November 19, 2017

Favourable resolutions to public servants’ difficulties

Dear Editor,
The news media all reported about President David Granger’s meeting with officials of the Guyana Teachers’ Union (GTU). The President’s swift response was surprising to say the least and served to convey the impression that the Administration was concerned about the plight of the nation’s teachers. The interest shown by the State must have been pleasing to the eyes and ears of our teachers who play a tremendous role in moulding and training the nation.
But I have long learnt and strongly believe that the devil is in the details. And it is with that in mind that I have examined what the nation’s teachers have gotten from the President’s intervention. Well, from what is reported, they will receive an interim pay rise of between six to eight per cent. If one is guided by the Public Sector imposed pay rises, it means that no teacher earns more than Gy$299,000 per month. While the President speaks about an educated nation, seemingly in terms of the teachers’ pay packet, scant attention is paid. We are told this is an interim arrangement. But this tune seems familiar. Oh yes, the same thing was told to the public servants in 2016.

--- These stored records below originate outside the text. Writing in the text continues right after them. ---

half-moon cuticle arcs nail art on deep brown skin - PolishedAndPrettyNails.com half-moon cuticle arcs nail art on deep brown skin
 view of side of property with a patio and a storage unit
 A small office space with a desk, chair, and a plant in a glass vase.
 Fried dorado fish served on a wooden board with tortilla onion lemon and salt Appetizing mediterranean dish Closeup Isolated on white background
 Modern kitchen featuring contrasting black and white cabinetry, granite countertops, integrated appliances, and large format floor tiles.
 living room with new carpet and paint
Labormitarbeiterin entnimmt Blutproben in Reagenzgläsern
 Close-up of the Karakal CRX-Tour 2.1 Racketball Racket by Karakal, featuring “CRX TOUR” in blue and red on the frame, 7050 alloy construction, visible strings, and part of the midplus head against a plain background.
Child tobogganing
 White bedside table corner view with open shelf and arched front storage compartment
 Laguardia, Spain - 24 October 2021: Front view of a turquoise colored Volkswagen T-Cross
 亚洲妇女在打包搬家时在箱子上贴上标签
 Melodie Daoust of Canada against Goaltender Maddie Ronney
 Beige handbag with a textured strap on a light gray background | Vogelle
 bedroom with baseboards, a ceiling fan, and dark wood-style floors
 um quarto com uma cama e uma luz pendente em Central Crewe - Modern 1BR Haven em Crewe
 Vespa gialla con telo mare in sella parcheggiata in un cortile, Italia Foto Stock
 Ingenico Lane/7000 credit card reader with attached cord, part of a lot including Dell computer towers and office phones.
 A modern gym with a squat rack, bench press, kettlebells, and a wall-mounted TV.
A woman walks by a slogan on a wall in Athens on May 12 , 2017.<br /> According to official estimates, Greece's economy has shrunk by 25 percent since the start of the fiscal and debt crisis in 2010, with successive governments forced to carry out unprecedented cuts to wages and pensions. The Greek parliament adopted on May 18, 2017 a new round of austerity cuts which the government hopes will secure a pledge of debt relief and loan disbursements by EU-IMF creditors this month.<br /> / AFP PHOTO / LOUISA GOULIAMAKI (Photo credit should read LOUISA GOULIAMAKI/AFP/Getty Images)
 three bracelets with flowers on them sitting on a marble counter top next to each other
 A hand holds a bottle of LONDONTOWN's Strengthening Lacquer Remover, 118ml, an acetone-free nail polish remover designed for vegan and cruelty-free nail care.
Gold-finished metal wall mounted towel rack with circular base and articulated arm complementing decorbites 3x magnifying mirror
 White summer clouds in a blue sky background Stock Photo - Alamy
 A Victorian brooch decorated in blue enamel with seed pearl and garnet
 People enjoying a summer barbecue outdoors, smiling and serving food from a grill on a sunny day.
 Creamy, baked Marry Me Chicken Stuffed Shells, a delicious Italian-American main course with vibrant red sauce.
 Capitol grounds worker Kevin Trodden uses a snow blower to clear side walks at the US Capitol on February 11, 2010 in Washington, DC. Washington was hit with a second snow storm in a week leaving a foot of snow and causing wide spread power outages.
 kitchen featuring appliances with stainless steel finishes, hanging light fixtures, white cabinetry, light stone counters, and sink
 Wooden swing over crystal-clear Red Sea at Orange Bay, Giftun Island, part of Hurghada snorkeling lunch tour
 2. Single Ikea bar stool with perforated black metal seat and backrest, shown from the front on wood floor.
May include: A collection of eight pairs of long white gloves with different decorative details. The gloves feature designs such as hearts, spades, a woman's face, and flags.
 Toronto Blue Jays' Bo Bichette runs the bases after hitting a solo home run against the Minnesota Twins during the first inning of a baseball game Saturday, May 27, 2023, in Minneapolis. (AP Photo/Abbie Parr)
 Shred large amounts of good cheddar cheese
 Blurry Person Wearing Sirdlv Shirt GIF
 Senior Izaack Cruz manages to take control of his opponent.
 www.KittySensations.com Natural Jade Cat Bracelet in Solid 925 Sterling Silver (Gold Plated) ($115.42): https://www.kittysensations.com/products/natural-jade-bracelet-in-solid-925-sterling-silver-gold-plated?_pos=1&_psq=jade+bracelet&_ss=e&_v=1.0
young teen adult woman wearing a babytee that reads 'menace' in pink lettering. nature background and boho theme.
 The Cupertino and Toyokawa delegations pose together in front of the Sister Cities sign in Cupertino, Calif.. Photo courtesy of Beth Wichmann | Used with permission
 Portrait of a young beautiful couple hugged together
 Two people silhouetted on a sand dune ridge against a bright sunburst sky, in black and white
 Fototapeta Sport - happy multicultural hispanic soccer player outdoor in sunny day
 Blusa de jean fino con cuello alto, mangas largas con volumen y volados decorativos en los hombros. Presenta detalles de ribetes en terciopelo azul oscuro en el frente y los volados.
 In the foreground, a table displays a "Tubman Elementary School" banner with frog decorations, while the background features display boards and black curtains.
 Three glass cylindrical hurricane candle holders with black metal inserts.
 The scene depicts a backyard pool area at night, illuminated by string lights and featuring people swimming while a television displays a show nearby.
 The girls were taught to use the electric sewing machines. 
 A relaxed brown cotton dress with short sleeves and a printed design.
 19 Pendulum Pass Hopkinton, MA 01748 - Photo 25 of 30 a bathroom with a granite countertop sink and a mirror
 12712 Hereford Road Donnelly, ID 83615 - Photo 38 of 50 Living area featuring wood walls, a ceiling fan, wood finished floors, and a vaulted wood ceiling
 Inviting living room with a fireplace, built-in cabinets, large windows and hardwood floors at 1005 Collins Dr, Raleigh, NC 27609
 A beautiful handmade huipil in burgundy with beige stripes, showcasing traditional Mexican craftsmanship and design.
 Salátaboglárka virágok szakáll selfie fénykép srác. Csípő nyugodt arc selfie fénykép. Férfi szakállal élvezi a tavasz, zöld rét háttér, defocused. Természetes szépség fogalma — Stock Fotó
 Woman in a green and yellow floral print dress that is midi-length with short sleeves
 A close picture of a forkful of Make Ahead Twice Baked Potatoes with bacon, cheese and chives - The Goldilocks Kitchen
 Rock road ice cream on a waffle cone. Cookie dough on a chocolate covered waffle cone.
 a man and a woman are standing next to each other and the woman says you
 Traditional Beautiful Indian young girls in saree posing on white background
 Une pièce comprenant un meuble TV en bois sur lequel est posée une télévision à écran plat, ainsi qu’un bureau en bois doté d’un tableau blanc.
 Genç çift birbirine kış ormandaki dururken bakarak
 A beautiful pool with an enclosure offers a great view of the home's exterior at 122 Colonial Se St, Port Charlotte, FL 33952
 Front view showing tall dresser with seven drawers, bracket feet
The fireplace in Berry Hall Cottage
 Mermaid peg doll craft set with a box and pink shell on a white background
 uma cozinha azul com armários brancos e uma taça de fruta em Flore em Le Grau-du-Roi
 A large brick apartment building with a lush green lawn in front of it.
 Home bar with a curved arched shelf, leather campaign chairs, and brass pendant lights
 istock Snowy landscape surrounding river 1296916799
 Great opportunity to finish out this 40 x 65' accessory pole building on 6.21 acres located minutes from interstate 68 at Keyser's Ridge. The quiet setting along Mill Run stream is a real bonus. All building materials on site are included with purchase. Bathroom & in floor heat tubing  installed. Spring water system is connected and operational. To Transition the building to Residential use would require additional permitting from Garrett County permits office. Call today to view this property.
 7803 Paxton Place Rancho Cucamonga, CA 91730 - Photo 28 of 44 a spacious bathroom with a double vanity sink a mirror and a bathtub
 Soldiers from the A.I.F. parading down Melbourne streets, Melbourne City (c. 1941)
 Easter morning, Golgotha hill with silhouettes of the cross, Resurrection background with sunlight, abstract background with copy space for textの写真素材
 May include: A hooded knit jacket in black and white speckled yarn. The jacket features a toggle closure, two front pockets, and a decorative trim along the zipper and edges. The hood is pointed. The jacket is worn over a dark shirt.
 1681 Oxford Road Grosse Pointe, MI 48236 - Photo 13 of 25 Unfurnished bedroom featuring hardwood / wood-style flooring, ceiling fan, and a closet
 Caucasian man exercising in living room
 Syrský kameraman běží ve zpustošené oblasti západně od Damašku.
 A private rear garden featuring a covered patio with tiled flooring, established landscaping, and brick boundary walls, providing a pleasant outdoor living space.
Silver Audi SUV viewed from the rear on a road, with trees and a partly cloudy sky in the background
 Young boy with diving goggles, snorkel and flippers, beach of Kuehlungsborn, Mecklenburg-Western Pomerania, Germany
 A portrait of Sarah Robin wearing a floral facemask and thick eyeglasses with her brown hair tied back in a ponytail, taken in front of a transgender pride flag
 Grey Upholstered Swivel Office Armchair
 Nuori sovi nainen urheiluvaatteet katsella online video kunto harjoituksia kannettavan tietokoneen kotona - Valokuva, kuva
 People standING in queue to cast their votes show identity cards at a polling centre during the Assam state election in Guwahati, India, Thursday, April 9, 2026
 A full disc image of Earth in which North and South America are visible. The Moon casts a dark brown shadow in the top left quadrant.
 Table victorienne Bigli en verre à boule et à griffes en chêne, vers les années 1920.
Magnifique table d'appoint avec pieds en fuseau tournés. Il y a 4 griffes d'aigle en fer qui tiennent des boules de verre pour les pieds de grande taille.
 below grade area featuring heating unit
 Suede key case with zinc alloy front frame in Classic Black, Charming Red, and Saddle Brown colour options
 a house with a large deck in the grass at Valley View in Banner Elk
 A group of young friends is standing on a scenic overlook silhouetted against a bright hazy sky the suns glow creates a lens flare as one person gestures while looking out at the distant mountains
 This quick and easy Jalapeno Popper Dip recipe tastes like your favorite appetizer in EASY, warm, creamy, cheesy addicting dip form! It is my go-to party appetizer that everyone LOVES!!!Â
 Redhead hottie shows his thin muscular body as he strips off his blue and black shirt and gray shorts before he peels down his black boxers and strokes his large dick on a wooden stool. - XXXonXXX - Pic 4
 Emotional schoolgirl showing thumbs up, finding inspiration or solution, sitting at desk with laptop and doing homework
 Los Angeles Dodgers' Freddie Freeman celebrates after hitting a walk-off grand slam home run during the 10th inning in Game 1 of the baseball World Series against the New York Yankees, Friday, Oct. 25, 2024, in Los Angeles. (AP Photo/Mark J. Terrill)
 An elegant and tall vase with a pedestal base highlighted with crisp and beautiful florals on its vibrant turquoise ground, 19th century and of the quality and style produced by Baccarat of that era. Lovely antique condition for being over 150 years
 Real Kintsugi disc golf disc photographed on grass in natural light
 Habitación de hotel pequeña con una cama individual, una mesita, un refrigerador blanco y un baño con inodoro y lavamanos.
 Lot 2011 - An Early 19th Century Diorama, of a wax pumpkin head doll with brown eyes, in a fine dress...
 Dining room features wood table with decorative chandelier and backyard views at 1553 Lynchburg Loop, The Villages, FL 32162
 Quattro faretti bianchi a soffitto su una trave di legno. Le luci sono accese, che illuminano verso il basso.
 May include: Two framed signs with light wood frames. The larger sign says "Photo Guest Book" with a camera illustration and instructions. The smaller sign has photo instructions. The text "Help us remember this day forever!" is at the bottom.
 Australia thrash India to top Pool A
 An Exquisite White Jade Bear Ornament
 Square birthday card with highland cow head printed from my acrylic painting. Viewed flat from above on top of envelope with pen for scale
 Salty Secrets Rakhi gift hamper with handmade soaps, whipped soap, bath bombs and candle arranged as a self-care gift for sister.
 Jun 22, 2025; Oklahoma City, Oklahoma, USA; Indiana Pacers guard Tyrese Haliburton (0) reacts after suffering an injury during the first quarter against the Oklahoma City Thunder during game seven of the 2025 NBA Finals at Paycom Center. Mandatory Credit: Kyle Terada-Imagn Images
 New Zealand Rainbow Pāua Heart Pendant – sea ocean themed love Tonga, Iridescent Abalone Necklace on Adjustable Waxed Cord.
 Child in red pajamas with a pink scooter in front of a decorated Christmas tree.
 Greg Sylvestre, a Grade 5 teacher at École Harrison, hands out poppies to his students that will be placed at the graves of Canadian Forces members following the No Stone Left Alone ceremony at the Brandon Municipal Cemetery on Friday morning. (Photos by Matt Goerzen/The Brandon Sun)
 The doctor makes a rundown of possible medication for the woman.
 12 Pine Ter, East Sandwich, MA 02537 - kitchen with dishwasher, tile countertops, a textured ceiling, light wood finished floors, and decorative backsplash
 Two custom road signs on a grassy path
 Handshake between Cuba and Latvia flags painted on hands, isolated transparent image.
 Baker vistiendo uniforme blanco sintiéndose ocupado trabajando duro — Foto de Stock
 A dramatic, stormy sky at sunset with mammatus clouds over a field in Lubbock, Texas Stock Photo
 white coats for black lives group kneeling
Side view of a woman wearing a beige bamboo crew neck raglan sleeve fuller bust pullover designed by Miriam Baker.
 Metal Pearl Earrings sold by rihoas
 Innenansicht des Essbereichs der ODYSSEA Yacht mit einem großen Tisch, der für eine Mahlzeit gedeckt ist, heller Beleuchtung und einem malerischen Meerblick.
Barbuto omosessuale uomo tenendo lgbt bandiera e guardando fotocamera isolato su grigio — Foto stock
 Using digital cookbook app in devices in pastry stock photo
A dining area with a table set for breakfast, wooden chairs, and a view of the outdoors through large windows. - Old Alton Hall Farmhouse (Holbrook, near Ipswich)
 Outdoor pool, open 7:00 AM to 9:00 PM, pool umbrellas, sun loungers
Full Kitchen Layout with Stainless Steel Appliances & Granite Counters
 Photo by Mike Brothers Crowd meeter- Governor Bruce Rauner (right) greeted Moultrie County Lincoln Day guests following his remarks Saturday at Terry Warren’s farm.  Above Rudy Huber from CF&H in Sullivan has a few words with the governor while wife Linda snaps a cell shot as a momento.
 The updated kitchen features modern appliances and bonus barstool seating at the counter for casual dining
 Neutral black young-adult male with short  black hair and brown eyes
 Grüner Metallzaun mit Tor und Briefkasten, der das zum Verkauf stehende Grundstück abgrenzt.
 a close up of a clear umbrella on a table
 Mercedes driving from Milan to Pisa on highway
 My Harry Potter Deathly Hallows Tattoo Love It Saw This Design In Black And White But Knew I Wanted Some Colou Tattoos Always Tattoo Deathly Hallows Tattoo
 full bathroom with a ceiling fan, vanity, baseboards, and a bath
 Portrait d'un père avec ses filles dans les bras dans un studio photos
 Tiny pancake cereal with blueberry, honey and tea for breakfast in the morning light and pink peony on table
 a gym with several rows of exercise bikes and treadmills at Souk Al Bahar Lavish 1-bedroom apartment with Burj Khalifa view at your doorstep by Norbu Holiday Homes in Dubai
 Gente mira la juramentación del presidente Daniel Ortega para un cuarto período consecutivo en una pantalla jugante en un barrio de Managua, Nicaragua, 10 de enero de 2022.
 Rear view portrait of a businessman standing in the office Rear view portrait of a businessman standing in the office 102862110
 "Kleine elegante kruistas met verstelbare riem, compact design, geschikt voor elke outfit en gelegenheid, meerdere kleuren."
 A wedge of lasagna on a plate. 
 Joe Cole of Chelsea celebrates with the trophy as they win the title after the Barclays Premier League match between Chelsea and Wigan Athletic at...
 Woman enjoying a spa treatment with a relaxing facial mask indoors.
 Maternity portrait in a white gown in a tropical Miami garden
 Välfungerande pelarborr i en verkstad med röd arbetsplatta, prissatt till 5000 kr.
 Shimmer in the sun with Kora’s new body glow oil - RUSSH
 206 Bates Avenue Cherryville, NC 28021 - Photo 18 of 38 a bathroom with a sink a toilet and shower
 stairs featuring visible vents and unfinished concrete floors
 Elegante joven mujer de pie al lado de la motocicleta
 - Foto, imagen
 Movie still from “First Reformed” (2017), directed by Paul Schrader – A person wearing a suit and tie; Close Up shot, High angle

Then with the usual two card trick, the teachers and the public are told that a task force will be established to examine the Union’s concerns and requests. Again, another familiar song is being sung. Our nation is now more than at any other time in its history has a bevy of task forces, committees, Commissions of Inquiry and other such like. The reports which emanated from those exercises lie idly, gathering dust on our leaders’ shelves. Let me hope that the teachers’ task force does not follow its predecessors. Furthermore, the task force, as far as I can see, will only make recommendations which the Administration is not bound to accept. Certainly, the matters of concern could have been settled over the bargaining table. But all in all, one can expect that it’s another smoke screen.
In light of the President’s meeting with the teachers’ union, he is now duty bound to engage the sugar workers and public service unions alike. Both have large segments of workers employed by the State, that have legitimate grouses with the Administration’s approach to them and their representative organisations. I hope the President in similar haste engages the workers and unions concerned towards finding favourable resolutions to their difficulties. Anything less Mr President would be seen as discriminatory.